Als das Märchen auch ins Deutsche übersetzt wurde, wurde aus der „süßen Milch“ der Schlafsand. Vielleicht nicht zuletzt, weil „die süße Milch“ eine Anspielung auf den giftigen Opiatsaft des Schlafmohns war.

Die Geschichte nach dem Krieg

In der Nachkriegszeit fassten auch die Medien das Ritual auf, den Kindern vor dem Schlafengehen eine Geschichte vorzulesen. So wurde im Berliner Rundfunk ab 1946 Das Abendlied gesendet. Es war eine Produktion der Hörfunk-Redakteurin und Kinderbuchautorin Ilse Obrig. Die Figur des Sandmanns gab es jedoch noch nicht. Sie kam erst am 19. Mai 1956 in die Radiosendung. Im Deutschen Fernsehfunk (DFF) wurde dann am 8. Oktober 1958 der Abendgruß daraus. Das Fernsehen gewann in dieser Zeit an Popularität, und Ilse Obrig, die inzwischen zum westdeutschen „Sender Freies Berlin“ (SFB) gewechselt hatte, plante zusammen mit der Puppengestalterin Johanna Schüppel ein kleines Männchen, das dem Radio-Sandmann ein Fernsehgesicht geben sollte.

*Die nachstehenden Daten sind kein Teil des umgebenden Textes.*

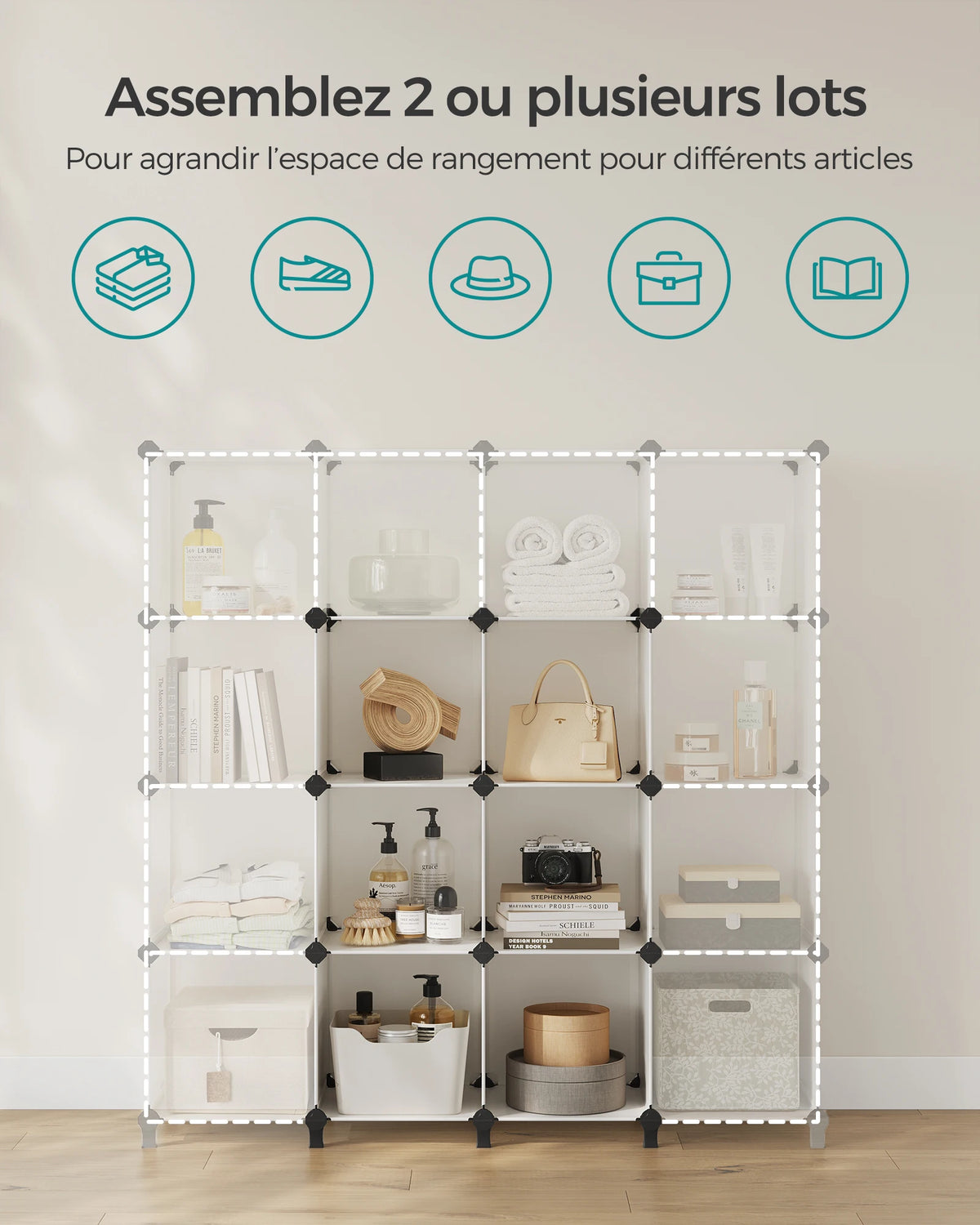 SONGMICS 6 Cube Storage Unit, Modular Plastic Cube Storage Organizer with Feet, Shoe Rack, Each Cube 30 x 30 x 30 cm - vue 4 sur 7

So sieht das Sandmännchen des Westdeutschen Fernsehens aus. © Wikimedia Commons

Die finanziellen Mittel für dieses Projekt waren beschränkt, sodass Obrig und Schüppel eine einfache Handpuppe gestalteten. Auch wenn die erste Sendung schon Monate zuvor fertig produziert war, wollte man mit der Veröffentlichung noch bis in die Vorweihnachtszeit, zum 1. Dezember 1959, warten.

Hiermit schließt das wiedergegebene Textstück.